• Task statement:
Everything from the line containing "Concurso canino" through the final line of the entries must be repeated exactly, and only that, without pictures.
-- Opening Marker --
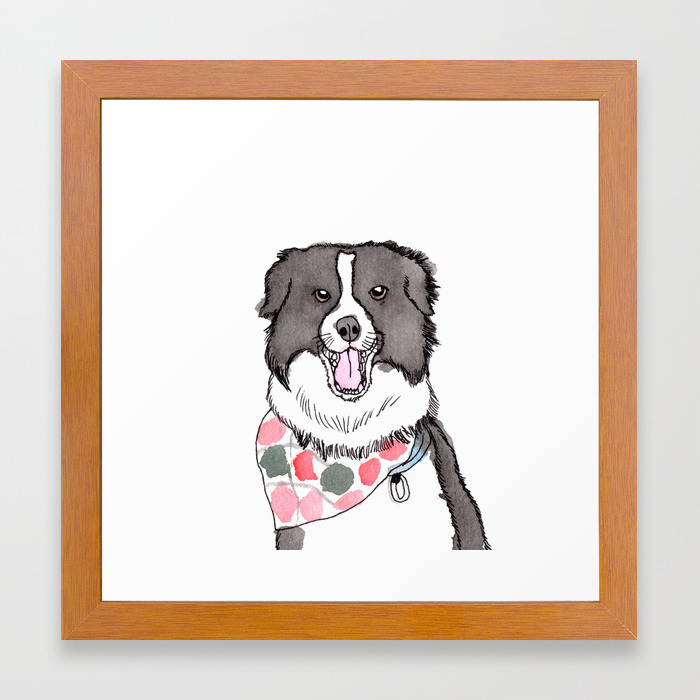 border collie with bandana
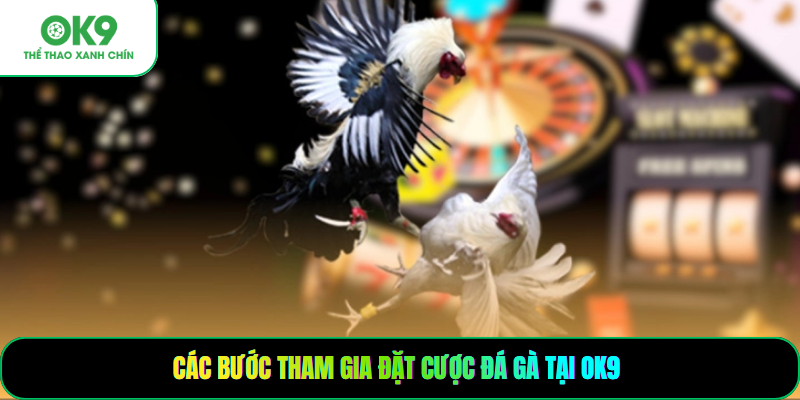 Các bước tham gia đặt cược đá gà tại OK9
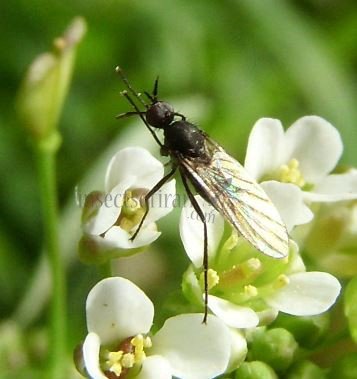 Empididae-2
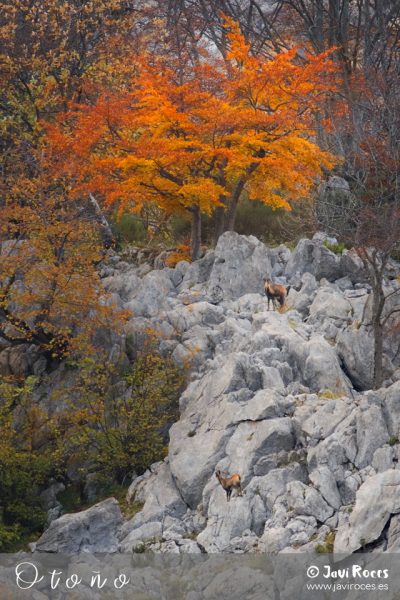 Otoño Javi Roces
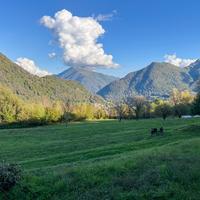 Terreno Residenziale Cerano d'Intelvi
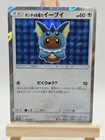Poncho-Wearing Eevee 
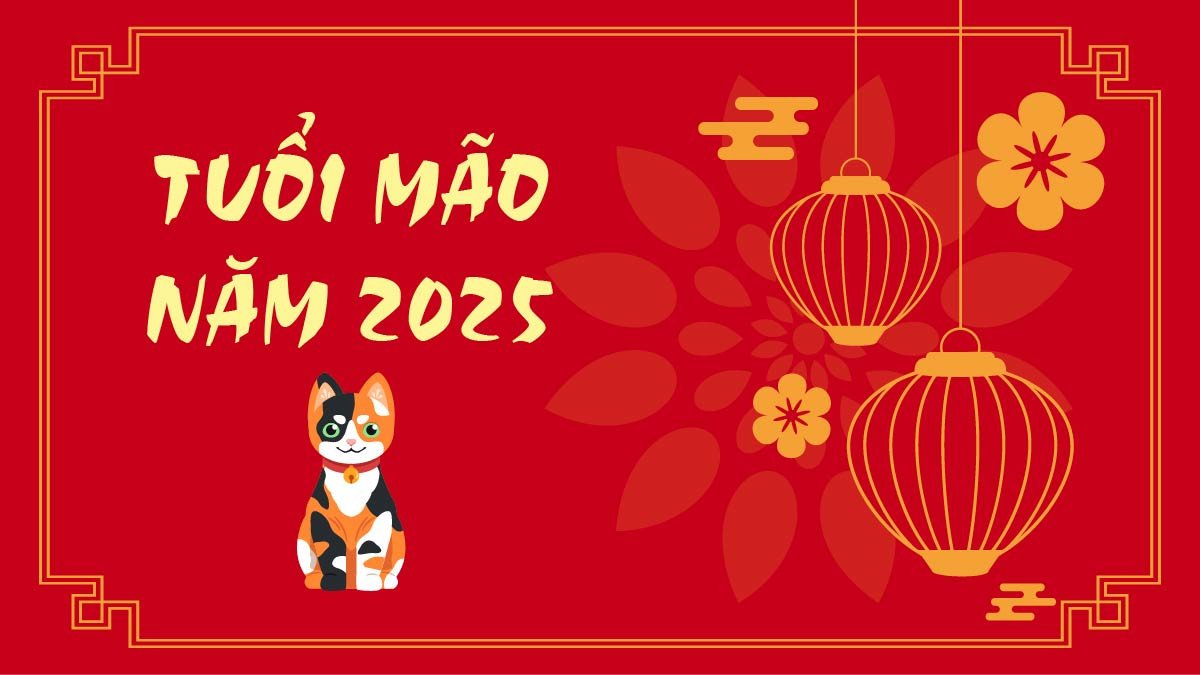 Người tuổi Mão đang ngồi đọc sách, tượng trưng cho sự bình yên và ổn định trong năm 2025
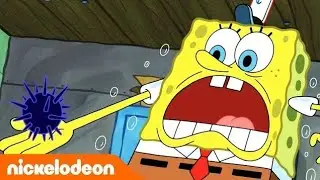 Spongebob Pantaloni Pătrați | Probleme cu Aricii | @nickelodeonromania859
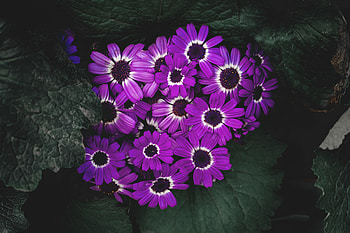 Flowers, Lilac, Petals, Bloom, Flowering HD wallpaper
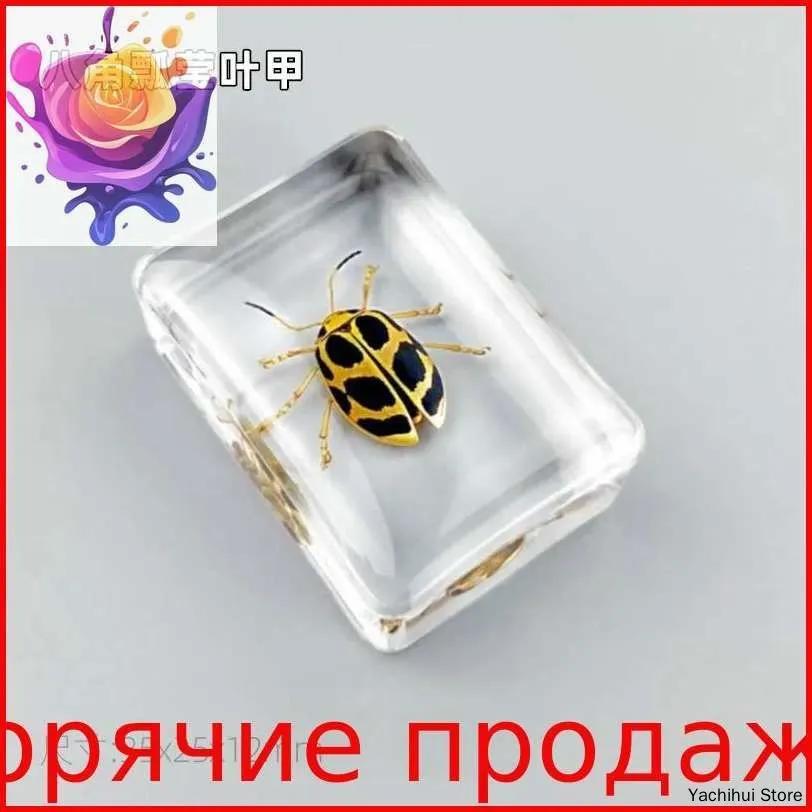 Set of transparent boxes for insect samples
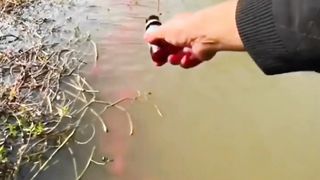 Hungry Fish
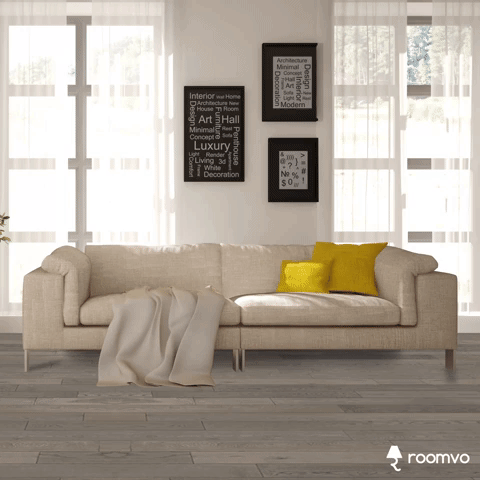 roomvo | Dolphin Carpet & Tile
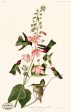 PDXC20961 -- Audubon Columbian Humming Bird Online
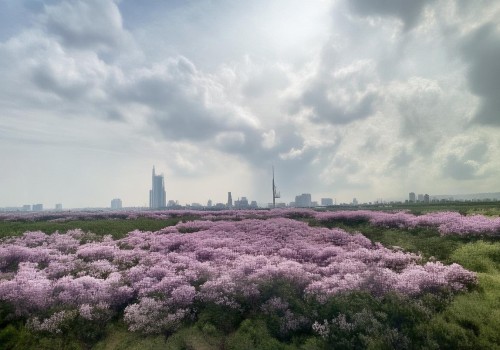 好，用户让我写一个关于眼周年轻化的自媒体文章，要求标题和不少于981个字的内容。首先，我需要确定文章的结构和重点。标题要吸引人，可能用眼周年轻化，从内到外的年轻秘密这样的标题，既点明主题，又有吸引力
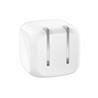 Belkin BoostCharge 45W USB-C Wall Charger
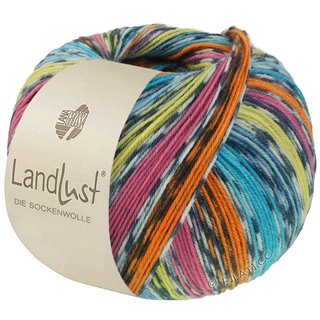 Lana Grossa LANDLUST DIE SOCKENWOLLE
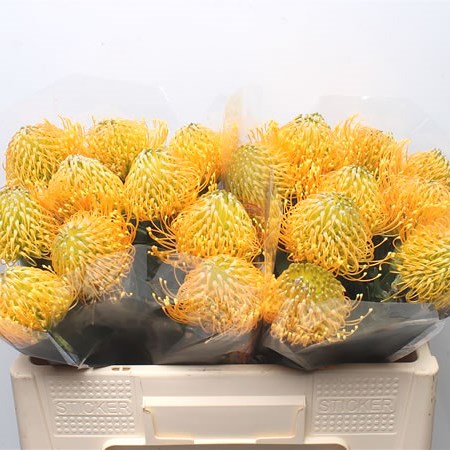 Leucocospermum Haw Catherina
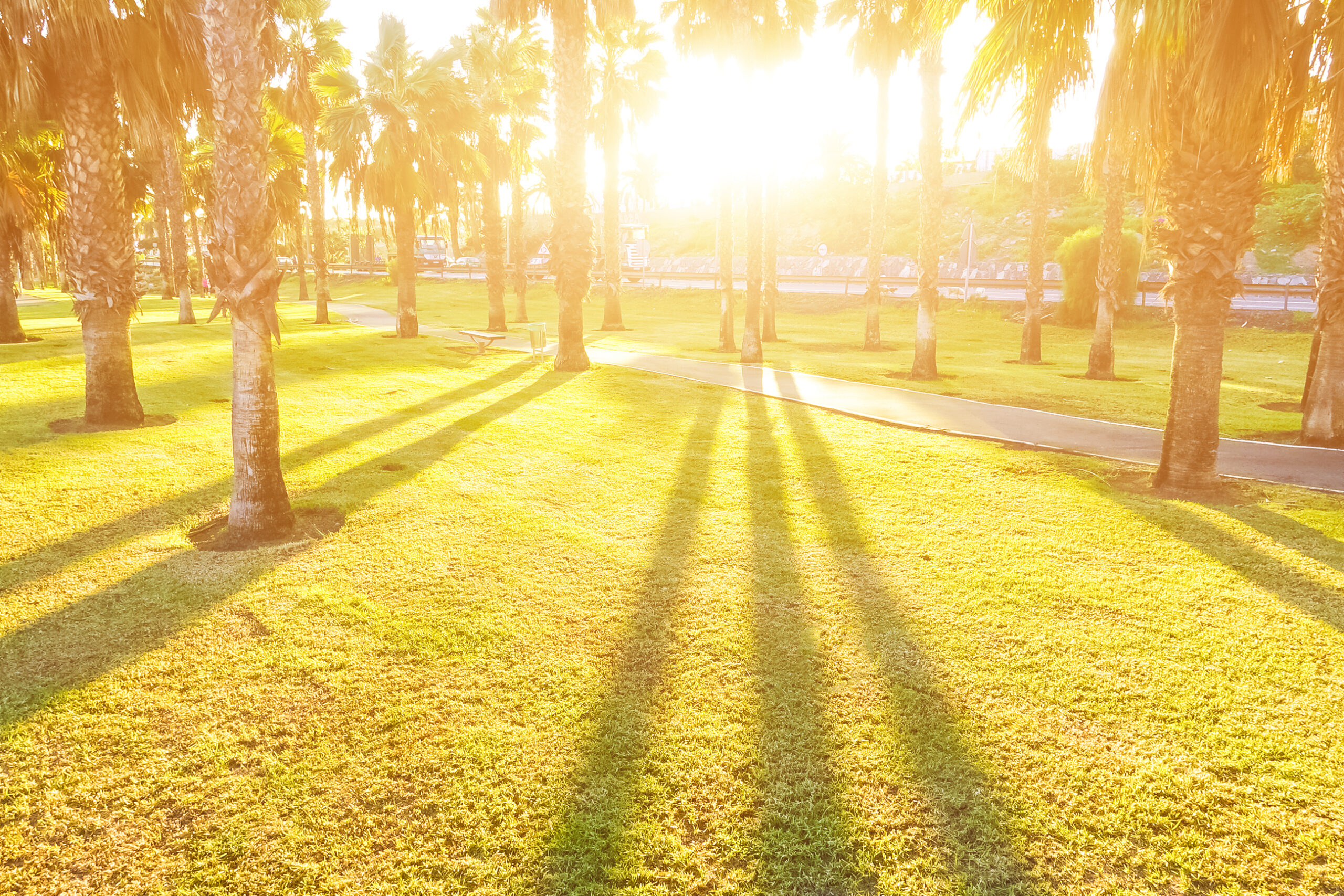 Disney World Weather Forecast Orlando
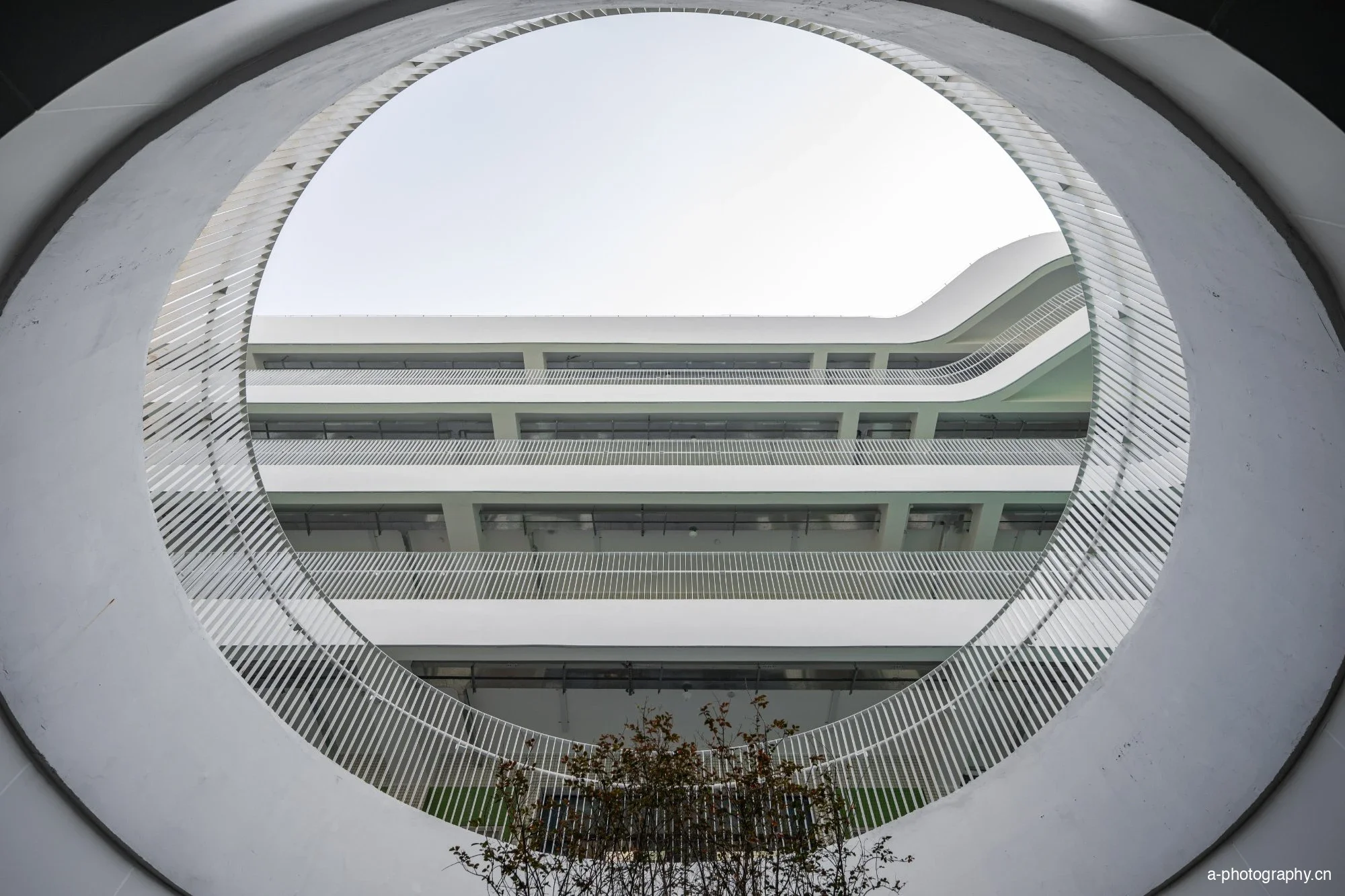华南师范大学附属乐从小学 影像 26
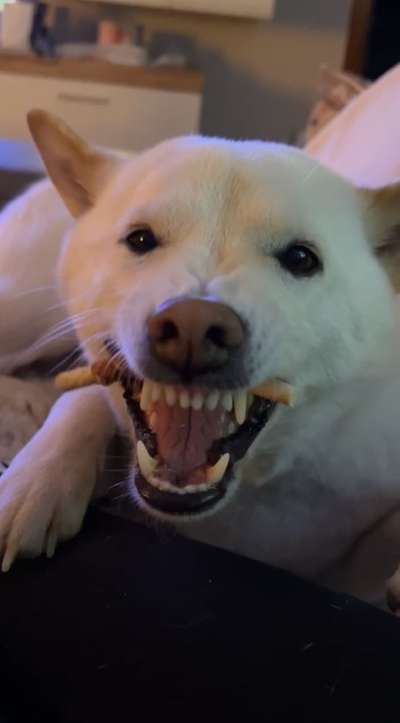 Zeigt mir die tollste Nahaufnahme von eurer Fellnase-Beitrag-Bild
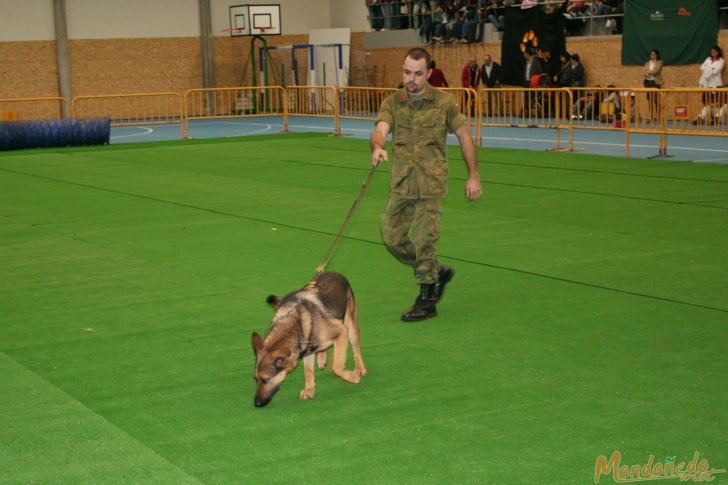 Concurso canino
Exhibición de Perros del Tercio Norte
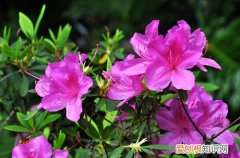 四 年宵花之杜鹃花、红掌、银柳的选购与养护(紫杜鹃和红杜鹃的区别)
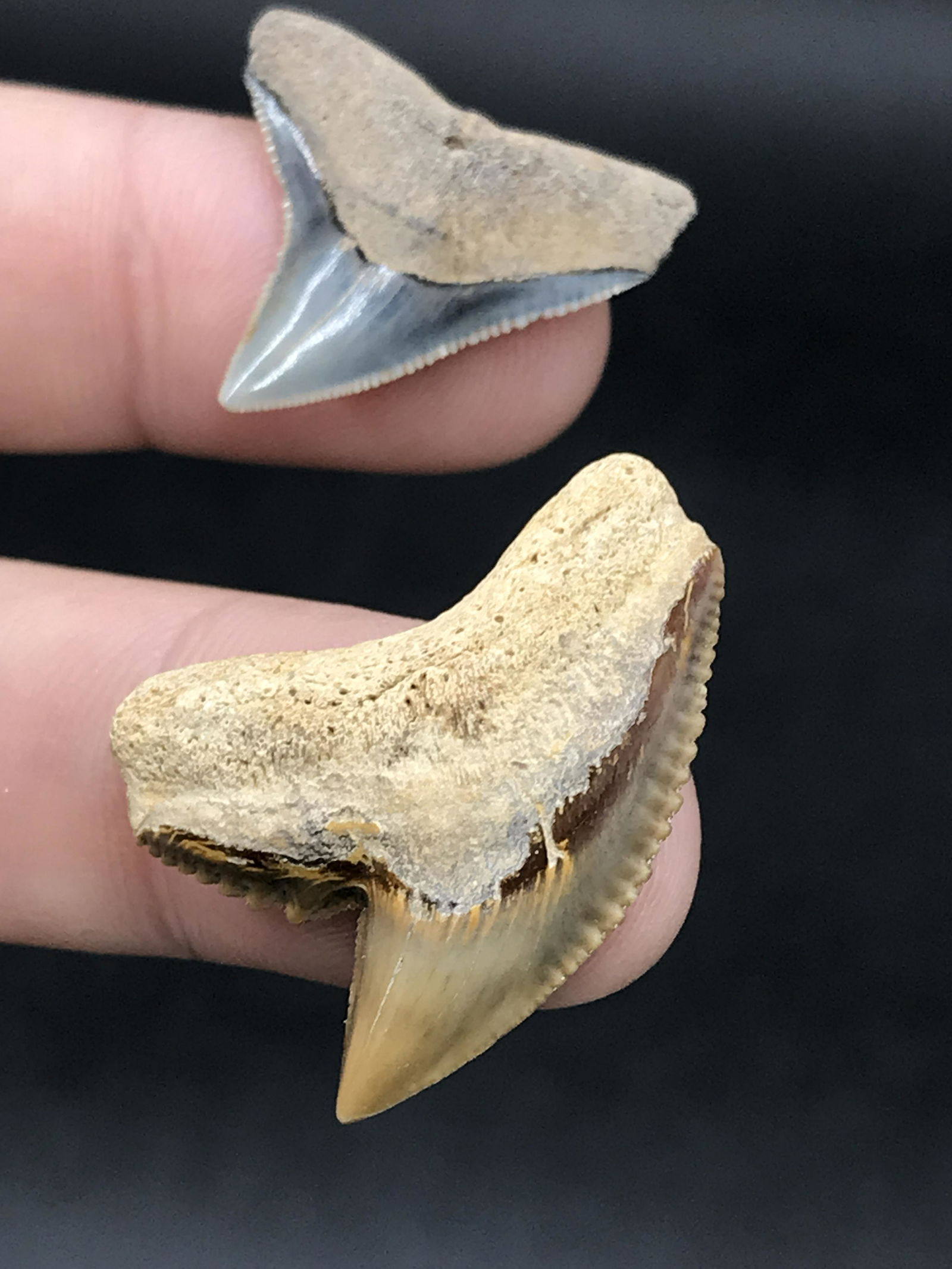 Shark, Fossil, Natural, Collectible, Specimen, Tooth: 2 Fossil Shark Tooth Tiger Shark Bull Shark 2 M.Y.O.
-- Closing Marker --
• Task response:
 Concurso canino
Exhibición de Perros del Tercio Norte
 四 年宵花之杜鹃花、红掌、银柳的选购与养护(紫杜鹃和红杜鹃的区别)
 Shark, Fossil, Natural, Collectible, Specimen, Tooth: 2 Fossil Shark Tooth Tiger Shark Bull Shark 2 M.Y.O.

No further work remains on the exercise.